American voters will not reject Senator Barack Obama for president based on his experience but rather on his policies, says a Republican observer, who also predicted that if the GOP insists on campaigning against him on that basis they will lose.

"It won't work, it's a mistake," former Republican House Speaker Newt Gingrich, appearing on CBS's Face The Nation, said of the McCain campaign's focus on Obama's experience.

"The country may reject Senator Obama because of his relationship to Reverend Wright and his relationship to the hard left, to William Ayres, and because his policies include tax increases, and because there are some big decisions coming on energy, on education, on the court. And Senator Obama may turn out to represent a position so far to the left, the country won't tolerate it."

Gingrich discounted McCain's recent protests that Obama is not ready for the job: "Obama is a very articulate, very intelligent, Harvard law graduate, who is extraordinarily smart, and he's not going to come across in a debate like some guy who's dopey. He's going to come across as fully-prepared. He knows how to study all this stuff.
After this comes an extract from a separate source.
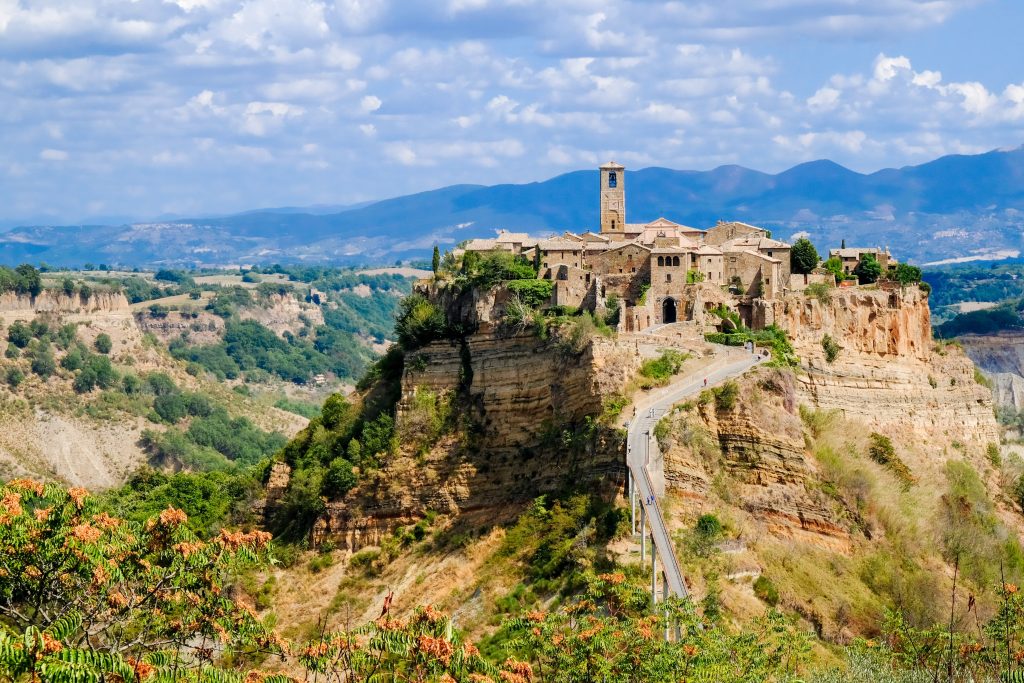 Civita-di-Bagnoregio-min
He has the military advisers."

Concurrent with McCain's arguments that Obama is not prepared to be commander in chief are rumors that Louisiana Governor Piyush "Bobby" Jindal is in the running to be McCain's running mate.

Jindal, 37, is almost 10 years younger than Obama.

Gingrich doesn't see Jindal's youth as a problem, though. "You could argue that in fact Jindal's experience in the executive branch and in the legislative branch is greater than Senator Obama's experience. So it strikes me that it's going to be very hard for Obama's campaign to explain that Jindal, as a governor, who has served as an assistant secretary of health and human services, has served as a congressional staffer, has served as a congressman, is not qualified but Senator Obama is qualified."

Gingrich criticized Obama for his support of certain policies and most pointedly for his backing of this week's Supreme Court decision backing the habeus corpus rights of detainees held by the United States in a prison at Guantanamo Bay - a decision he called "worse than Dred Scott.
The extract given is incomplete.